Having a proper license attached to a dataset encourages the user of the dataset to make informed
decisions on how to use the dataset. In addition, it protects the creator of the dataset from
liabilities associated with the use of the dataset. Without a license, there is also risk of malicious
and incorrect (intended or unintended) usage of a dataset that could lead to undesired
consequences.
Common Dataset Licences
Types of Licenses
Similar to licenses used for software products, licences applied to datasets also vary in restrictions
and permissions. Below are some of the main types of dataset licenses used in the field of machine
learning. The summaries for the CC licenses provided below are not a substitute for the license. Please
refer to the
official licensing guide for
complete guidance.
Public domain (CC0) -
is a public
dedication tool, which allows creators to give up their
copyright and put their works into the worldwide public domain. CC0 allows reusers to distribute, remix,
adapt, and build upon the material in any medium or format, with no conditions.
CC BY -
This
license allows reusers to distribute, remix, adapt, and build upon the material in any medium or format,
so long as attribution is given to the creator. The license allows for commercial use.
CC BY-SA -
This license
allows reusers to distribute, remix, adapt, and build
upon the material in any medium or format, so long as attribution is given to the creator. The license
allows for commercial use. If you remix, adapt, or build upon the material, you must license the modified
material under identical terms.
CC BY-NC -
This license allows
reusers to distribute, remix, adapt, and build
upon the material in any medium or format for noncommercial purposes only, and only so long as attribution
is given to the creator.
CC BY-NC-SA -
This license
allows reusers to distribute, remix, adapt, and build
upon the material in any medium or format for noncommercial purposes only, and only so long as attribution
is given to the creator. If you remix, adapt, or build upon the material, you must license the modified
material under identical terms.
CC BY-ND -
This license
allows reusers to copy and distribute the material in
any medium or format in unadapted form only, and only so long as attribution is given to the creator.
The license allows for commercial use.
CC BY-NC-ND -
This
license allows reusers to copy and distribute the material in
any medium or format in unadapted form only, for noncommercial purposes only, and only so long as
attribution is given to the creator.
MIT - This license is primarily used for
licensing software products. See official license details
here.
GPL - This license is a free, copyleft
license for software and other kinds of works. See official license details
here.
Apache License, Version 2.0 - This
license is primarily used for licensing software products. See official license details
here.
BSD-3-Clause - This license is
primarily used for licensing software products. See official license details
here.
Custom - a non-standard license. Check the link to the license to learn more about the exact
terms of usage. In some cases we include a brief summary in parenthesis, e.g.
Custom
(non-commercial) is a custom license stipulating non-commercial usage.
Unknown - refers to a dataset for which a license is unknown or hasn’t been annotated yet. Check
the associated paper and dataset website for more information.
How to license your work?
- For CC-licensing it is straightforward as you only need
to choose the appropriate license that fits your needs.
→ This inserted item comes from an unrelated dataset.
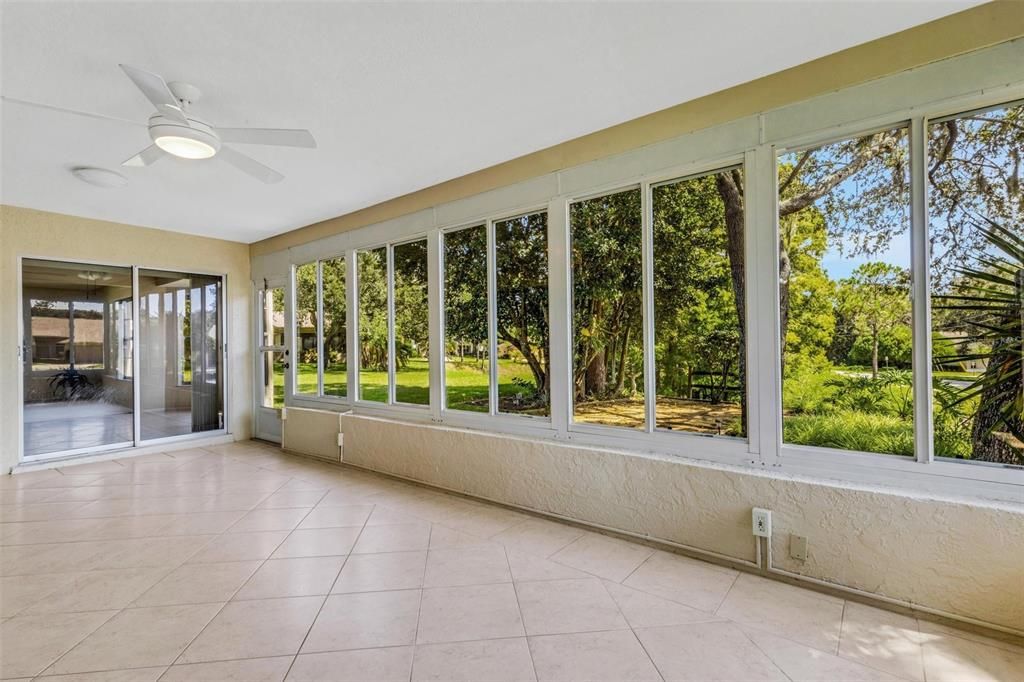 Fully enclosed bonus sunroom with newer windows to enjoy year around~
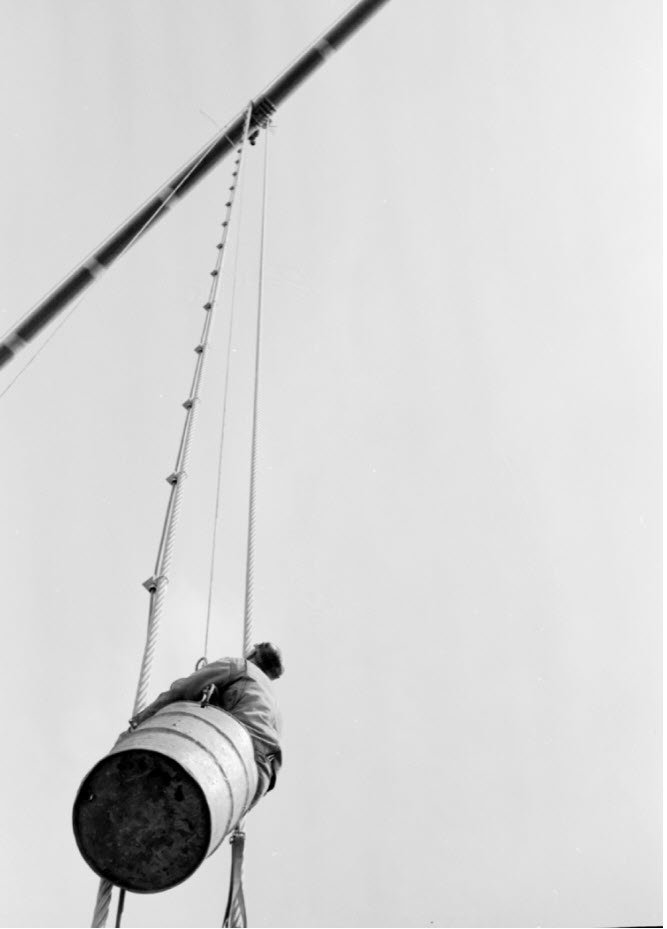 mackinacbridge's tweet photo. If you cross @MackinacBridge this summer, you may see our maintenance crew working on the cables, but we no longer send our crew up in a modified steel drum. They are lifted using a steel basket these days! It's safe to say that our maintenance has never been afraid of heights! https://t.co/d9xtA5iQFh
This must be communicated clearly,
including a direct link to the license you have chosen. An example could be: This work is
licensed under a CC BY 4.0
license. See official instructions here.
- For all other types of license used primarily for software
products like MIT, GPL, and Apache License 2.0, the instructions vary. Find more information
about such licenses in the Open Source
Initiative documentations.
Import note
This is not an exhaustive list of licenses available for datasets. These refer to some of the most
commonly used licenses. The Creative Common licenses described above refer to the 4.0 version. The
descriptions provided for each license above are not a substitute for the license. For the official
descriptions of each license you can refer to the provided links.
Common Pitfalls
Regarding dataset licensing, here are some common pitfalls that may occur:
- Annotation-only licenses. In some cases, especially in
Computer Vision it’s common for only the annotations to be released under a free license,
but images to remain proprietary (e.g. owned by Flickr) . Check the license terms to
understand what is covered and what not.
- Code-only licenses. In some cases, only the code to e.g. scrape
the data is available. While the code might be open source and freely license, the resulting
data may still not be made open and available for everything.
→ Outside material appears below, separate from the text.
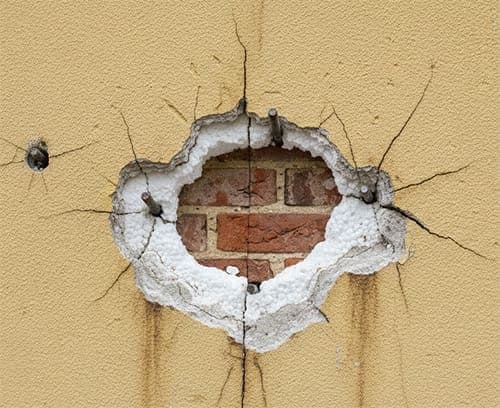 Detailní pohled na odhalenou izolaci a kotvení ocelové konstrukce do zdiva skrz zateplenou fasádu.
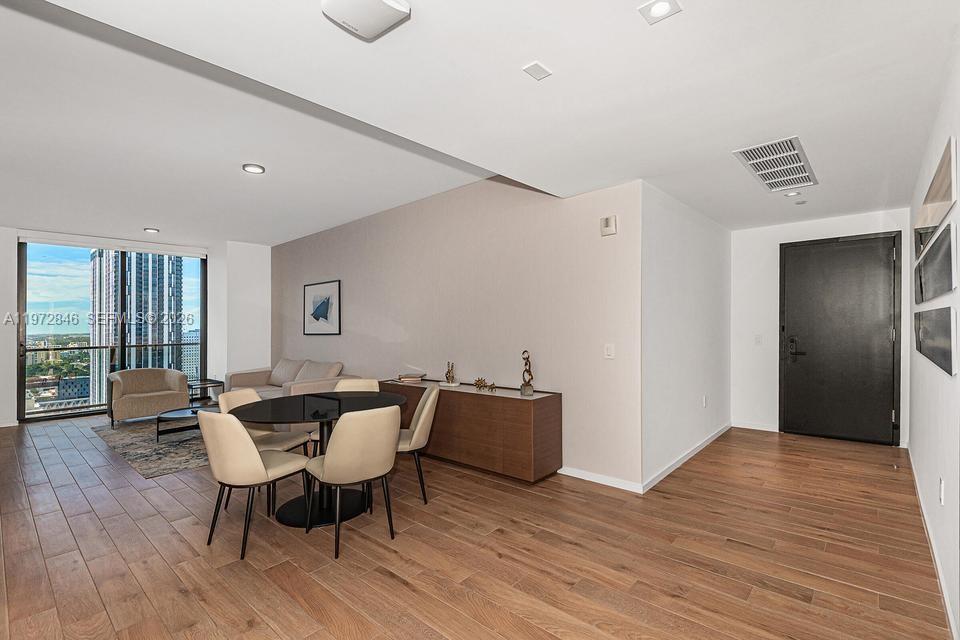 398 Northeast 5th Street, Unit 2418 Miami, FL 33132 - Photo 5 of 34 a dining room with furniture and wooden floor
- Data ownership. Check the description of the dataset, as well as how it was
collected, to determine whether you have permission to use the dataset for your purposes.
Disclaimer
Papers with Code doesn’t make any warranties regarding any of the licensing information provided by the
datasets we index. Furthermore, Papers with code disclaims liability for damages resulting from use of
the licensing information provided by the creators of the datasets.